Source material START
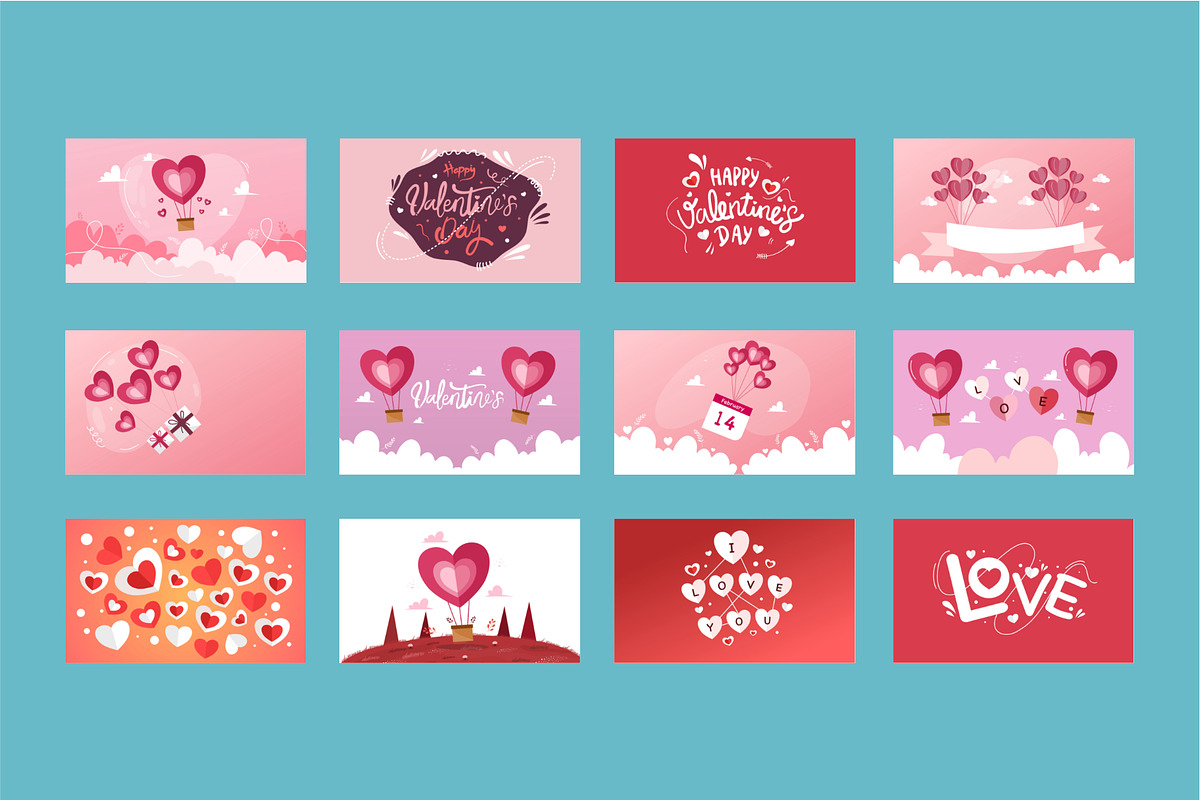 Abstract background illustration, a Decorative Illustration by foxndeer (Photo 4 of 4)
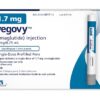 Wegovy 1.7mg (Semaglutide)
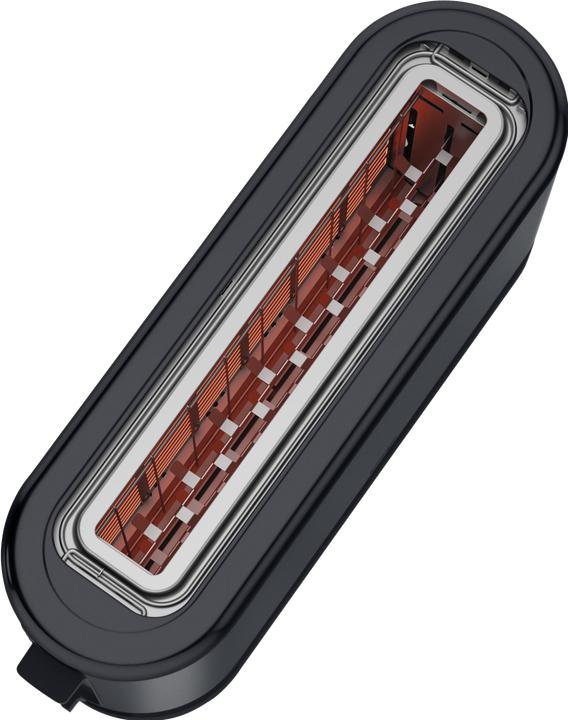 Actual product image WMF Kuemi 1-slot/long slot toaster (414120071), black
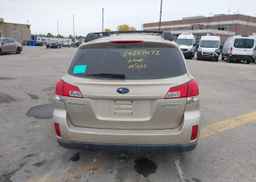2010 SUBARU OUTBACK 2.5I PZEV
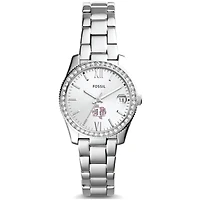 Women's Fossil Texas Southern Tigers Scarlette Mini Three-Hand Date Watch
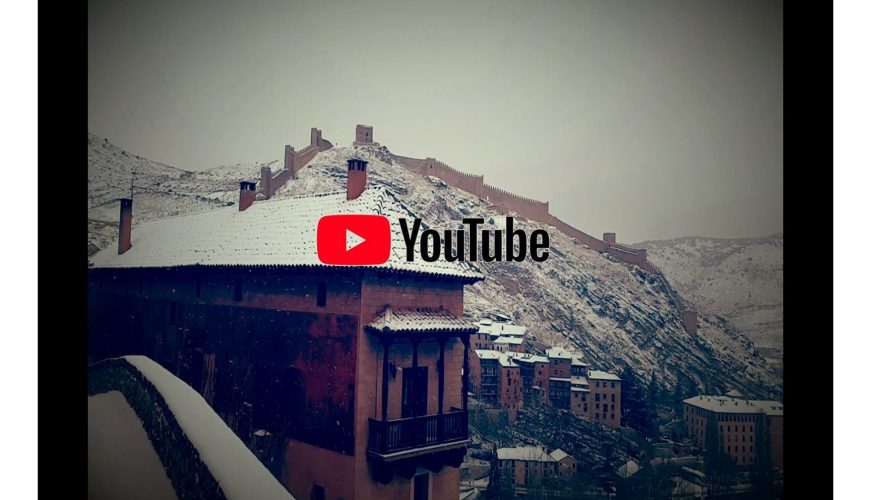 #PrimeraNevada del #Año2020 en #Albarracín…siente con ANDADOR Visitas Guiadas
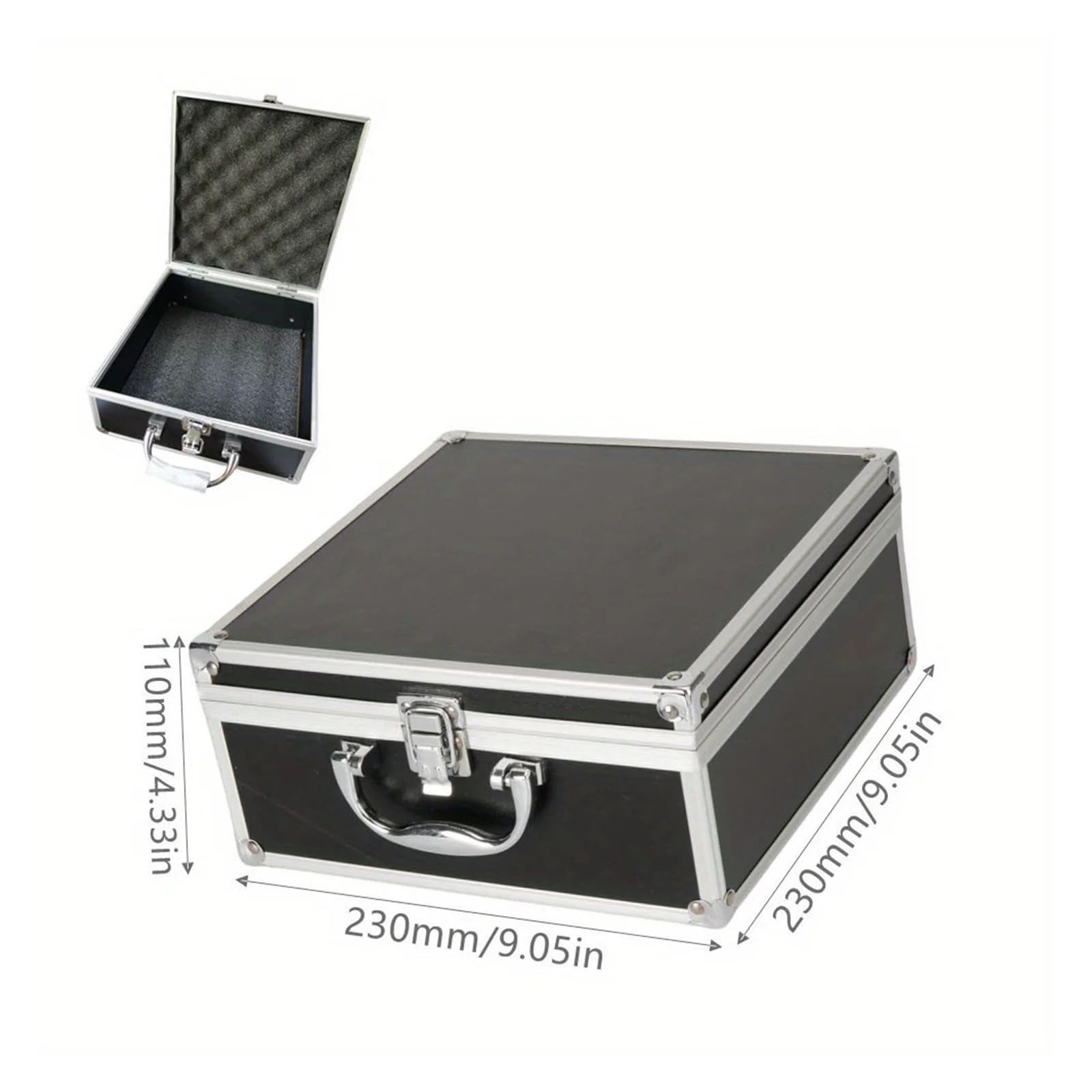 Maletin Aluminio Aluminum Tool Case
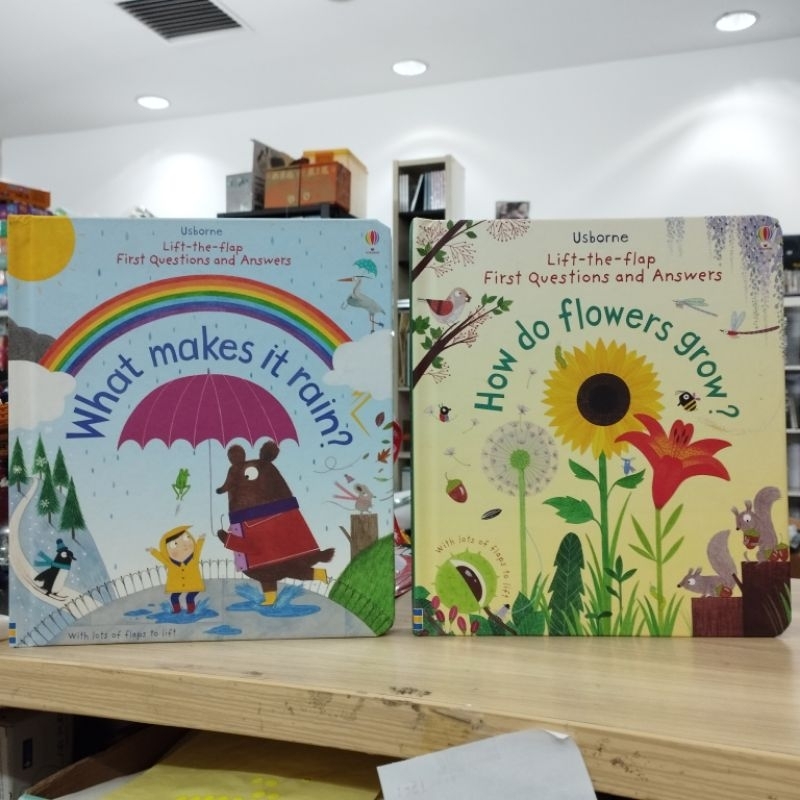 (ENG) Usborne Lift-the-Flap คําถามและคําตอบครั้งแรก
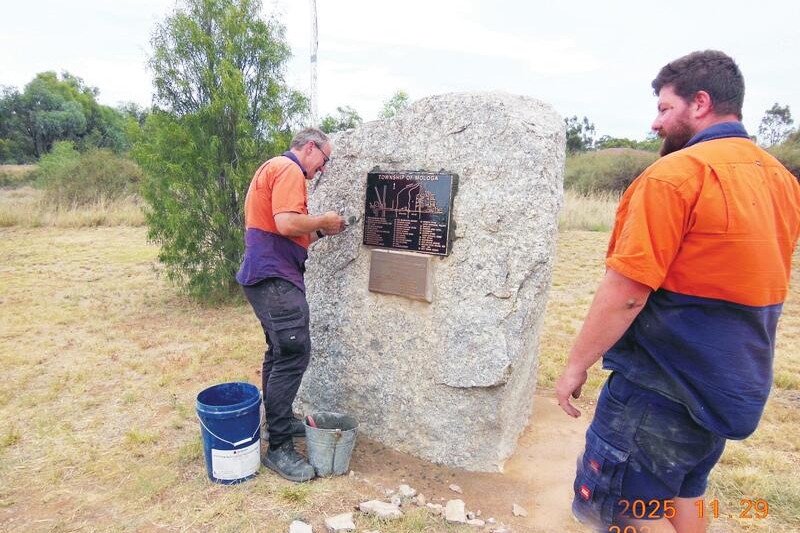 Rock of history again telling the local story - feature photo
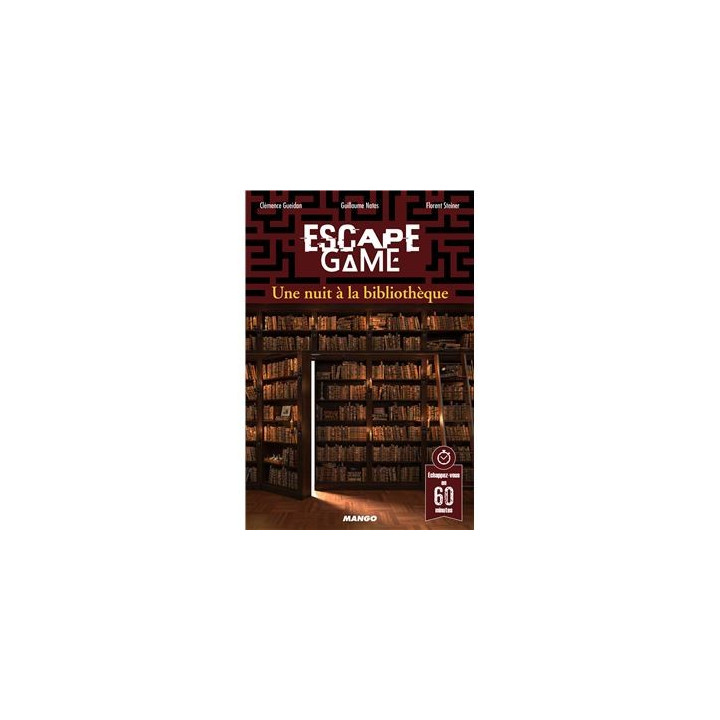 Escape Game - A Night At The Library - BOARD GAMES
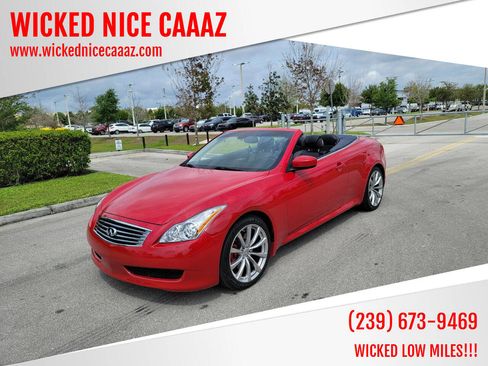 Used 2009 INFINITI G37 Sport w/ Premium Pkg RWD image 1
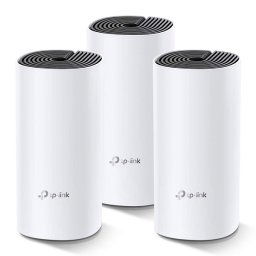 WiFi Rendszer TP-LINK Deco E4(3-pack) AC1200 egész otthont lefedő Mesh Wi-Fi rendszer PN: DECOE4(3P)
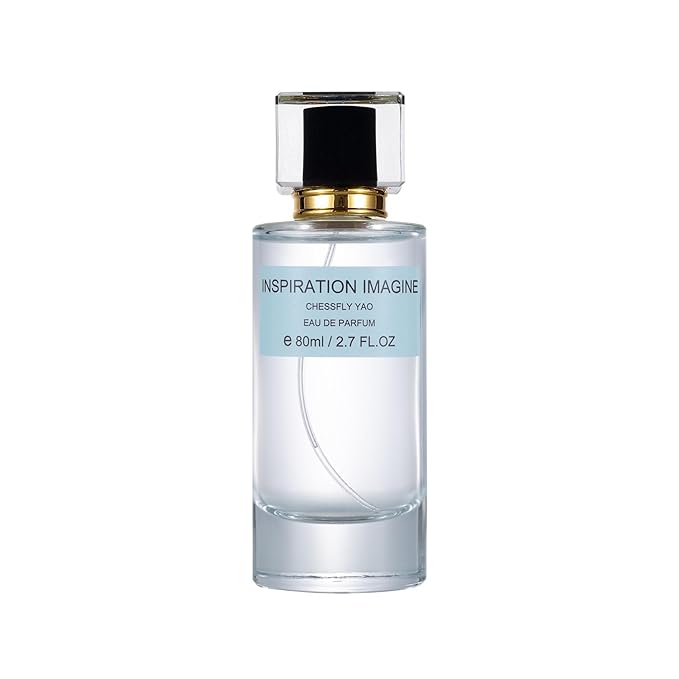 Inspiration Imagine Cologne for Men - Aromatic Citrus & Black Tea, 2.7 Fl Oz / 80ml Eau de Parfum, Mens perfume for Daily & Special Occasion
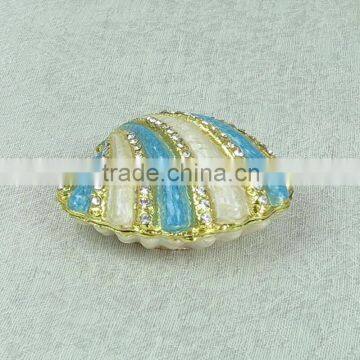 Hot sale party favors vintage sea shell jewelry box with cheap price and high quality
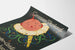 Vintage poster sale items New Year and greeting cards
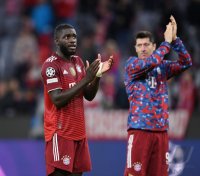 Fussball International CHL 21/22: FC Bayern Muenchen - Dynamo Kiew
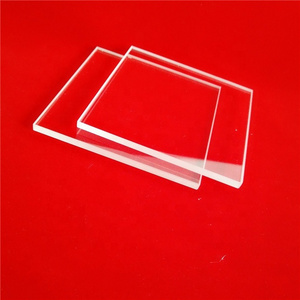 High Transmittance heat resistance clear glass  quartz plate  transparent silica  sheet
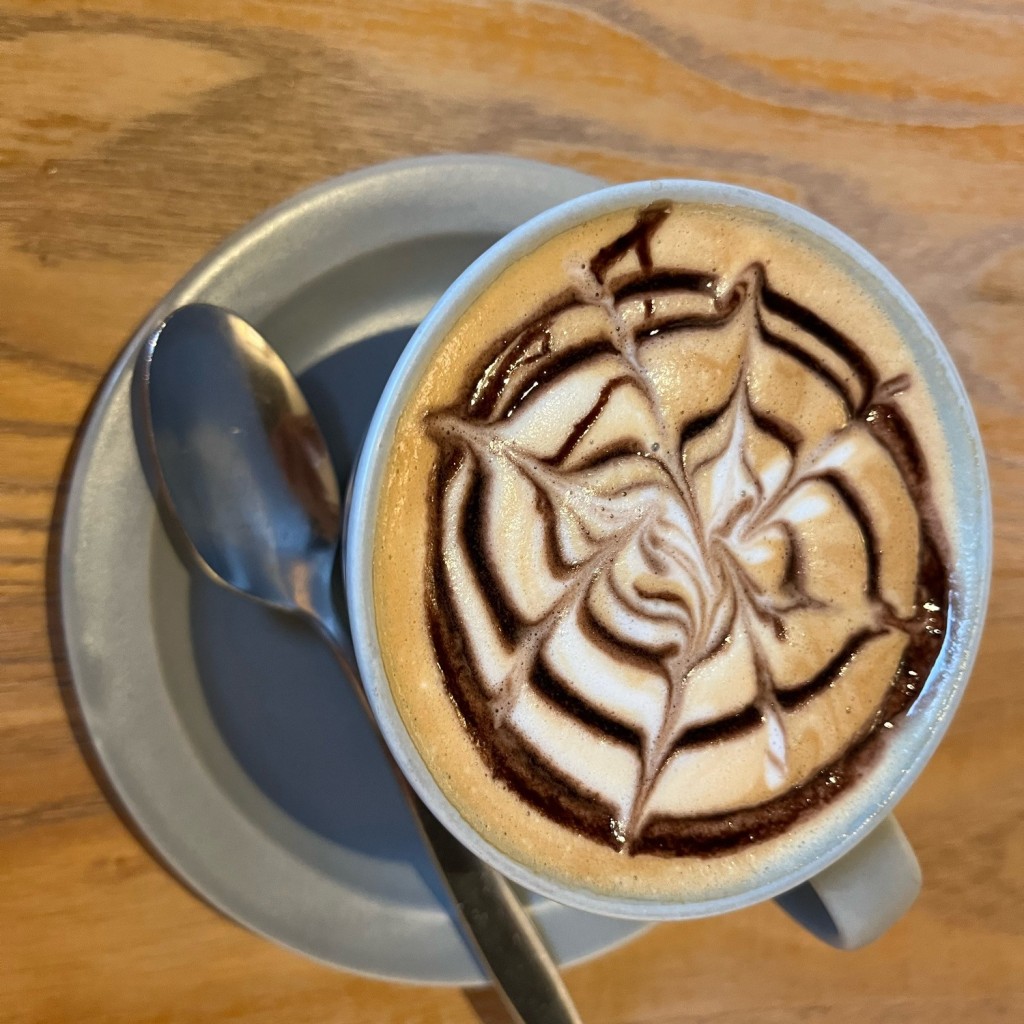 ユーザーが投稿したカフェモカの写真 - 実際訪問したユーザーが直接撮影して投稿した加賀野喫茶店喫茶 nayutaの写真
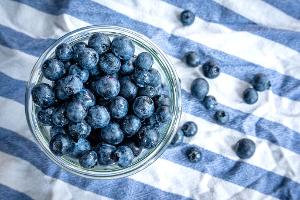 Die Heidelbeere, die Kim Kardashian des Obstkorbs
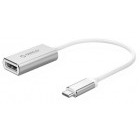 Adaptor Orico XC-103, USB-C la DisplayPort, argintiu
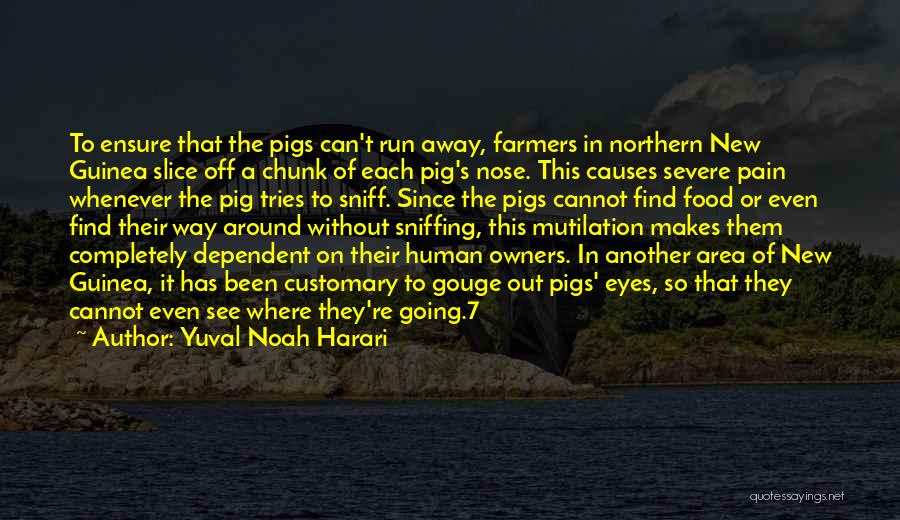 Pig Out Quotes By Yuval Noah Harari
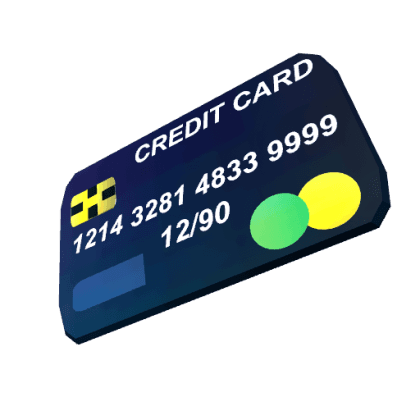 Credit Card Hoverboard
Source material END
- _Exercise description_: Respond with the exact lines above running from the one containing "Actual product image" to the one containing "Rock of history", both ends kept and no pictures included.

- _Task output_:
 Actual product image WMF Kuemi 1-slot/long slot toaster (414120071), black
2010 SUBARU OUTBACK 2.5I PZEV
 Women's Fossil Texas Southern Tigers Scarlette Mini Three-Hand Date Watch
 #PrimeraNevada del #Año2020 en #Albarracín…siente con ANDADOR Visitas Guiadas
 Maletin Aluminio Aluminum Tool Case
 (ENG) Usborne Lift-the-Flap คําถามและคําตอบครั้งแรก
 Rock of history again telling the local story - feature photo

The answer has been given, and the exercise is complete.